Coming up early next year: The start of a string of U.S. assembly missions aimed at raising the rest of the station's central truss, a 10-piece skeletal backbone that eventually will stretch 356 feet (108 meters) from end to end -- or about the length of a football field.
Three additional U.S. electric power towers and their associated solar wings then will be mounted at either end of the truss, paving the way for the launches of Japanese and European science laboratories in 2004 and 2005, respectively.
Dittemore said the upcoming assembly flights are expected to be every bit as complex as those that have been carried out to date.
"The challenges aren't going to ease up," he said. "We're flying mission after mission that include spacewalks, rendezvous and docking, and intricate robotic (arm) maneuvers - the elements of space exploration that really get your pulse going."

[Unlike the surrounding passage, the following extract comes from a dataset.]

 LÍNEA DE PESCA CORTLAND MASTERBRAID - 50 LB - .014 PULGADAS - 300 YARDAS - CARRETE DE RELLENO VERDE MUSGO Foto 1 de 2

Exactly how the station will be completed, and whether the outpost will ever be equipped to house an expanded crew, remains to be seen.
NASA and the Italian Space Agency are trying to hammer out a barter agreement that would call for an existing Italian cargo carrier to be converted into an orbital dormitory. The conversion of an American connecting node also is under consideration.
The European Space Agency is being asked to increase its financial participation in the development of a rescue ship. A second option: Purchasing additional Russian Soyuz so that two of the craft could routinely be kept at the complex to accommodate a crew of six.
The ongoing negotiations will continue over the next several weeks, and a decision on which options to pursue isn't expected until after the U.S. Congress finalizes NASA's budget for 2002.
"We're kind of waiting to see what our budget will be," said Gerstenmaier. "So it's a little early, but we're doing all the 'what-if' planning to be prepared."
The crew now on the station, meanwhile, is carrying out a suite of 50 U.S. and Russian science experiments, but Helms said that existing outpost facilities already are equipped to do even more research.
"The only limiting factor at this point seems to be the number of humans that are up there. So if we can expand the space station to accomplish the objective of increasing the manpower, we can get a lot more done," she said. "And that's something we all should be reaching for."